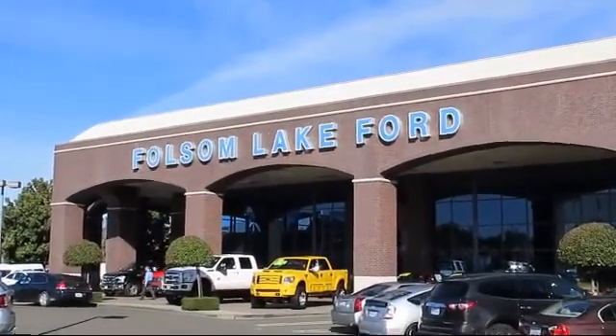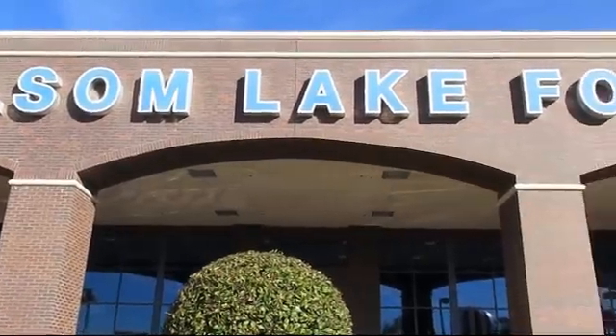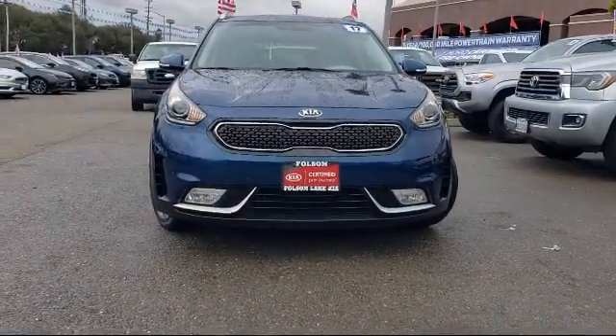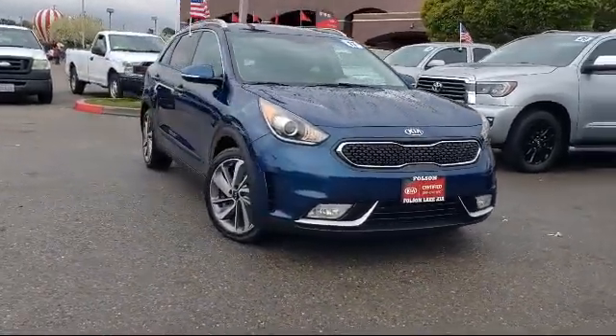For over 25 years, Folsom Lake Ford has been providing the Sacramento area with great deals and award-winning service. Here's a look at another Ford certified vehicle from our huge selection of quality pre-owned cars, trucks, and SUVs.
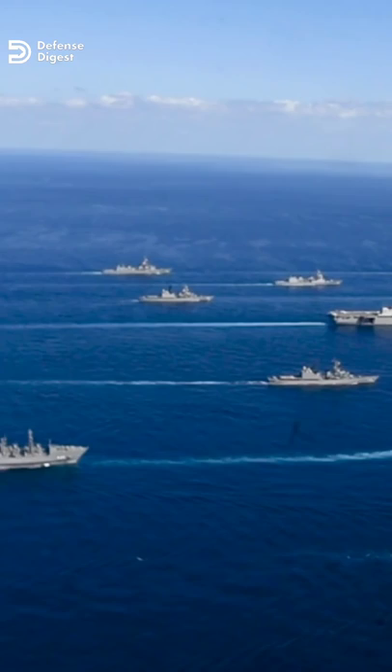A single carrier also required only one set of cruisers, destroyers, and frigates as escorts. Finally, larger carriers could also generate more air sorties than a smaller carrier and could operate more and larger aircraft.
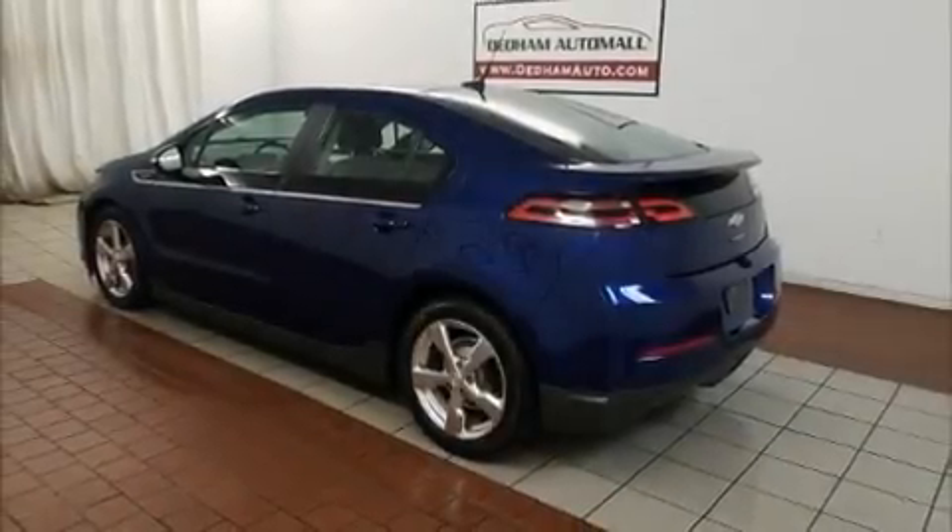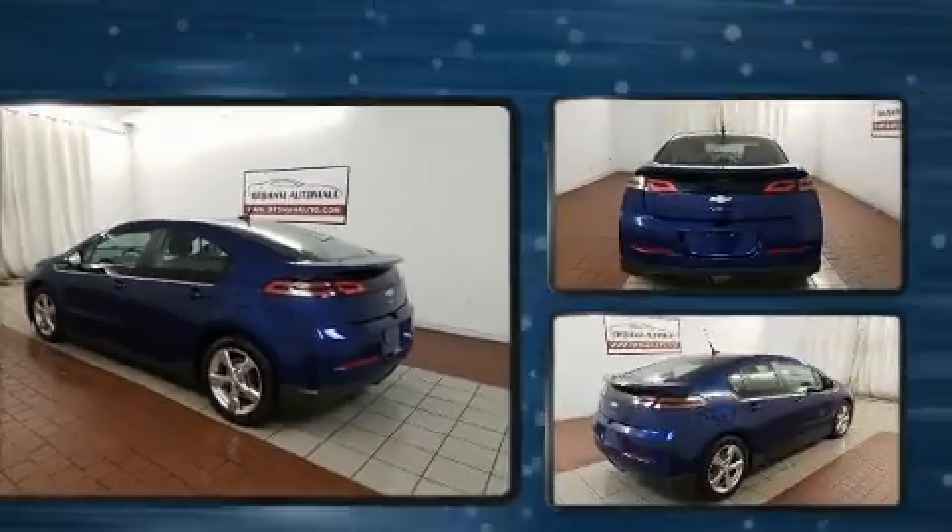Climb inside the 2013 Chevrolet Volt. This four-door, four-passenger hatchback still has fewer than 70,000 miles.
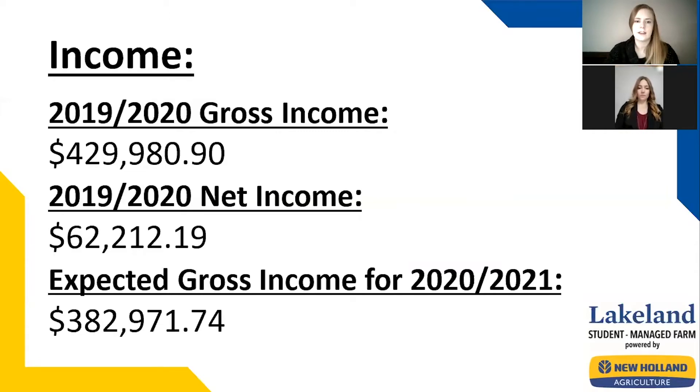As we mentioned previously in the presentations, we were blessed with outstanding yields between 90.4 and 101.9 bushels per acre off of our landmark wheat. This definitely boosted our income this year. We were able to work out expected yields and market prices for our 2021 crop choices and came up with an expected gross income of $382,972.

■ ■ ■ ■ ■

About this task -
The required output is the listing above reproduced exactly, pictures removed.

Result of the exercise -
For over 25 years, Folsom Lake Ford has been providing the Sacramento area with great deals and award-winning service. Here's a look at another Ford certified vehicle from our huge selection of quality pre-owned cars, trucks, and SUVs.
A single carrier also required only one set of cruisers, destroyers, and frigates as escorts. Finally, larger carriers could also generate more air sorties than a smaller carrier and could operate more and larger aircraft.
Climb inside the 2013 Chevrolet Volt. This four-door, four-passenger hatchback still has fewer than 70,000 miles.
As we mentioned previously in the presentations, we were blessed with outstanding yields between 90.4 and 101.9 bushels per acre off of our landmark wheat. This definitely boosted our income this year. We were able to work out expected yields and market prices for our 2021 crop choices and came up with an expected gross income of $382,972.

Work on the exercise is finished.